Sorry for my ignorance. we often use "native2ascii" (and reverse)
or whatever when thinking about l10n and i18n: e.g. Java Resource Bundle.
However, it might not be common in western europe, US, etc......

Right. I got it.

Again, thank you for all the comments.

Sincerely,

-- Tetsuya (tetsuya@apache.org)

P.S.
For example, "ör" compose one 'kanji' character, while "ös" compose
another 'kanji', automatically. This is so called 'multi-byte problem'.
Mail Clients can deal with these properly as long as the mail headers
("charset") are set appropriately, on the other hand text editors can
not do this well. This means that maybe I will not be able to 'commit'
the efforts of translations of es,de,it,.... posted in bugzilla (or [PATCH])
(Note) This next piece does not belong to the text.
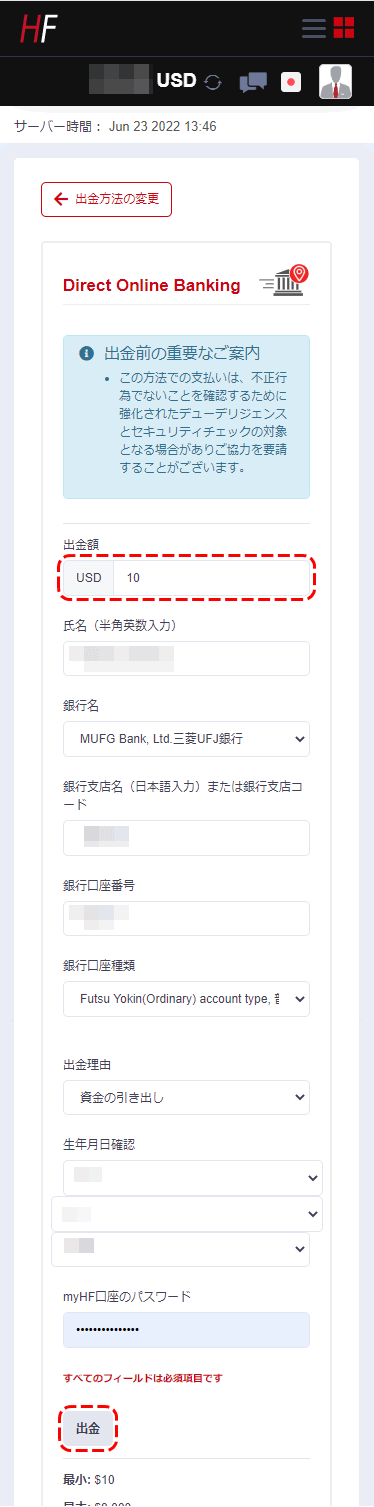 HFM銀行送金の出金先銀行の情報を入力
---------------------------------------------------------------------

On Fri, 20 Jun 2003 15:15:26 -0400
(Subject: Re: Proposal: All DOCUMENTS TO UTF-8)
"Andrew C. Oliver" <ac...@apache.org> wrote:

> I'm inclined to agree.  Editors that do the \uxxx are not common in
> countries such as Spain, Mexico, the US.  This would constitute a nasty
> barrier to entry that would probably discourage contribution.
> 
> -Andy
> 
> On 6/19/03 6:11 PM, "Rainer Klute" <ra...@epost.de> wrote:
> 
> > On Wed, 18 Jun 2003 03:31:39 +0900 Tetsuya Kitahata <te...@apache.org>
> > wrote:
> >> I think that some of current documents (e.g. news.xml, trans/es/*.xml)
> >> have "ISO-8859-1" encoding style. However, my favorite text editor
> >> can not read them properly (garbled chars) at the point of
> >> "Umlauts" and "Ntildes" etc.
> > 
> > I think each file should have the encoding that fits best for its particular
> > language. So please leave ISO-8859-1 for the western languages and use UTF-8
> > or whatever fits best for Japanese.
> > 
> > Best regards
> > Rainer Klute
> > 
> >                          Rainer Klute IT-Consulting GmbH
> > Dipl.-Inform.
> > Rainer Klute             E-Mail:  klute@rainer-klute.de
> > Körner Grund 24          Telefon: +49 172 2324824
> > D-44143 Dortmund           Telefax: +49 231 5349423
> > 
> > ---------------------------------------------------------------------
> > To unsubscribe, e-mail: poi-dev-unsubscribe@jakarta.apache.org
> > For additional commands, e-mail: poi-dev-help@jakarta.apache.org
> > 
> 
> -- 
> Andrew C. Oliver
> http://www.superlinksoftware.com/poi.jsp
> Custom enhancements and Commercial Implementation for Jakarta POI
> 
> http://jakarta.apache.org/poi
> For Java and Excel, Got POI?
> 
> 
> ---------------------------------------------------------------------
> To unsubscribe, e-mail: poi-dev-unsubscribe@jakarta.apache.org
> For additional commands, e-mail: poi-dev-help@jakarta.apache.org

-----------------------------------------------------
Tetsuya Kitahata --  Terra-International, Inc.
E-mail: kitahata@bb.mbn.or.jp : tetsuya@apache.org
http://www.terra-intl.com/
(Apache Jakarta Translation, Japanese)
http://jakarta.terra-intl.com/

Re: Proposal: All DOCUMENTS TO UTF-8

Posted by "Andrew C. Oliver" <ac...@apache.org>.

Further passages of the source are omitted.